America has not yet changed because so many think it need not change, but this is the illusion of the damned. America must change because twenty-three million black citizens will no longer live supinely in a wretched past. They have left the valley of despair; they have found strength in struggle. Joined by white allies, they will shake the prison walls until they fall. America must change.”

If you think that being peaceful means that you can’t be angry and fight, you’re wrong. If you think being angry means that you don’t want peace, you’re wrong. Me, I’ve looked in the eyes of a child and I felt fire. Brother Caleb, he’s worked with some youth as well, though in a different capacity than me, and so his expression is different. I want you to hear his words because we need Brother Martin, Brother Malcolm and all the sisters, brothers and others who are woke to stand up. Brother Caleb, tell ‘em somethin’.

Brother Caleb: Compassionate Bigotry is a term I have begun to understand throughout my time as an activist, and since I have woke up and Journeyed into my solidified identity as Black. The fear of the Journey is real, because of the weight the realities hold. My life has been a mirror of greatness, wealth, and prosperity, while being dead, decayed, and diseased on the inside. My Compassionate Bigotry was birthed at home, and lived throughout my life, be it from my experiences as a young black child in a white family, to when I was brought up in the realities of whiteness, something that I have never been able to fit Safely nor completely into. I have always been an outsider, always a loner, but always an entertainer, and someone who had to draw from the well of togetherness, so that I could create a place where I could be a part. This was both sovereign and devastating, and it was something that empowered and disassociated me from the Truth, in order to mask the pain.

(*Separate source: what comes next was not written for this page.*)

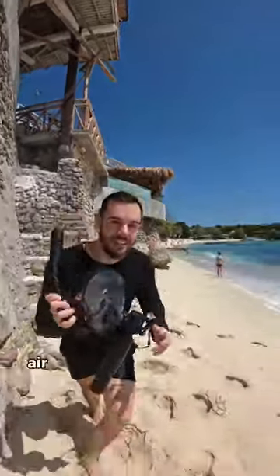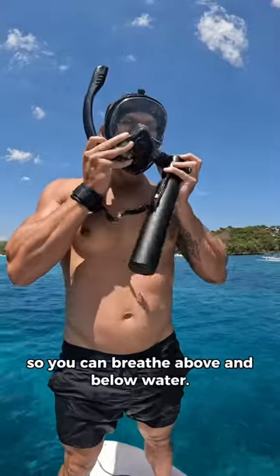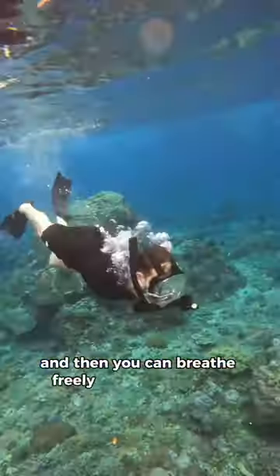This is amazing. It's a miniature air tank that can be attached to a snorkel mask so you can breathe above and below water. The snorkel automatically shuts off when you dive underwater and then you can breathe freely from the air tank.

Compassion is something we are taught from the youngest of ages, if we are privileged enough to be able to learn about something that encourages forgiveness, understanding, and “turning the other cheek.” You see, to understand that there are things that lead up to the way people act is something that is possible, as long as the actions aren’t the things that have already killed you or those you love. There isn’t much that can be done to bring back Korryn Gaines, Alton Sterling, Philando Castile, Pedro Villanueva, Melissa Ventura, Anthony Nuñez, Raul Saavedra-Vargas, and yes, even Dylan Noble, the white 24 year old, killed by the Police.
You see, we don’t forget those who are murdered by a system that wipes us away like a bugs on a windshield. We are more, and we are memorable, and we are dying.
Compassion is something that is taught to us and is to be applied when we see someone suffering. When we see someone injured, and when we see someone in a place that is painful, gloomy, saddened, or bothered. Compassion is something that we apply to those who have been injured, damaged, dismissed, hunted, and destroyed. Compassion is something that we apply like a bandage to the soul, one that covers the cuts, and compassion is sent in to mend the proverbial bones. Compassion is taught to us as something that is childlike, because it’s taught to us as children, to be utilized for children that we interact with. Compassion is the first step of caring for others, once we are able to recognize the emotions and behaviors of those around us.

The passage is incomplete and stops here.